[[ Dataset records, beginning ]]

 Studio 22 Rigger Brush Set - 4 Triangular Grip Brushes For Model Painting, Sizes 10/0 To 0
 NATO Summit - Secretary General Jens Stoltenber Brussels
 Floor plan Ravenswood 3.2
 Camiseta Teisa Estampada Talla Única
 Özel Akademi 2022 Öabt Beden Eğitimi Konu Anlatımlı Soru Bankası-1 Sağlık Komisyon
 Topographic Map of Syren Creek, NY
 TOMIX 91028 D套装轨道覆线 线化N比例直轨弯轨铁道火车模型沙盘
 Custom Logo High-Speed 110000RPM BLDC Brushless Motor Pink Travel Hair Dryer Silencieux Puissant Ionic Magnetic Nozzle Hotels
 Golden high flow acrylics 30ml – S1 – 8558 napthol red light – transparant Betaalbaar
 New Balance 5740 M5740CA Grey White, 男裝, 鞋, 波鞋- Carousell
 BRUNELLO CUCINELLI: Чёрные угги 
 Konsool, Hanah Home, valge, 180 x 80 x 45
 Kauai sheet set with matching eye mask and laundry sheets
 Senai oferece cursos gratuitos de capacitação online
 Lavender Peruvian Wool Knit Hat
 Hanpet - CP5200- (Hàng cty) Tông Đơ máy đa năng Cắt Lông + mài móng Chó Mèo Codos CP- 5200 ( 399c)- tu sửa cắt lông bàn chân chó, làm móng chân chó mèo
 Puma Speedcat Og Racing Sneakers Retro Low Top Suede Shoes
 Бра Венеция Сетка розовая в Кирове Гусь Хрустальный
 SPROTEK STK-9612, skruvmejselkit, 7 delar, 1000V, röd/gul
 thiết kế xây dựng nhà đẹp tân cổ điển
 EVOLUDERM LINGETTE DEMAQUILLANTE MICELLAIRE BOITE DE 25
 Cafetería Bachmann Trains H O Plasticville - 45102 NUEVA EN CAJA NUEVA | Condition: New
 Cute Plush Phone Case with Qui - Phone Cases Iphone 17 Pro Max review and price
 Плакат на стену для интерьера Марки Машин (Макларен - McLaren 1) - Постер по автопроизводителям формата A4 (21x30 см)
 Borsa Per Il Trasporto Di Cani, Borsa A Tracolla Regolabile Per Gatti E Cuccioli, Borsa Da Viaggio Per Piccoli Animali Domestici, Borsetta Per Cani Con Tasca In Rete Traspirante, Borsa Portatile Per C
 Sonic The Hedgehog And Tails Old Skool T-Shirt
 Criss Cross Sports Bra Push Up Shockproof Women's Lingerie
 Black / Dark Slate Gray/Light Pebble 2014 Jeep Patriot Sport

[[ Dataset records, end ]]

- **What you should do**
Repeat, word for word, the lines from the opening of the material through the line containing "EVOLUDERM LINGETTE DEMAQUILLANTE".

- **Exercise solution**
 Studio 22 Rigger Brush Set - 4 Triangular Grip Brushes For Model Painting, Sizes 10/0 To 0
 NATO Summit - Secretary General Jens Stoltenber Brussels
 Floor plan Ravenswood 3.2
 Camiseta Teisa Estampada Talla Única
 Özel Akademi 2022 Öabt Beden Eğitimi Konu Anlatımlı Soru Bankası-1 Sağlık Komisyon
 Topographic Map of Syren Creek, NY
 TOMIX 91028 D套装轨道覆线 线化N比例直轨弯轨铁道火车模型沙盘
 Custom Logo High-Speed 110000RPM BLDC Brushless Motor Pink Travel Hair Dryer Silencieux Puissant Ionic Magnetic Nozzle Hotels
 Golden high flow acrylics 30ml – S1 – 8558 napthol red light – transparant Betaalbaar
 New Balance 5740 M5740CA Grey White, 男裝, 鞋, 波鞋- Carousell
 BRUNELLO CUCINELLI: Чёрные угги 
 Konsool, Hanah Home, valge, 180 x 80 x 45
 Kauai sheet set with matching eye mask and laundry sheets
 Senai oferece cursos gratuitos de capacitação online
 Lavender Peruvian Wool Knit Hat
 Hanpet - CP5200- (Hàng cty) Tông Đơ máy đa năng Cắt Lông + mài móng Chó Mèo Codos CP- 5200 ( 399c)- tu sửa cắt lông bàn chân chó, làm móng chân chó mèo
 Puma Speedcat Og Racing Sneakers Retro Low Top Suede Shoes
 Бра Венеция Сетка розовая в Кирове Гусь Хрустальный
 SPROTEK STK-9612, skruvmejselkit, 7 delar, 1000V, röd/gul
 thiết kế xây dựng nhà đẹp tân cổ điển
 EVOLUDERM LINGETTE DEMAQUILLANTE MICELLAIRE BOITE DE 25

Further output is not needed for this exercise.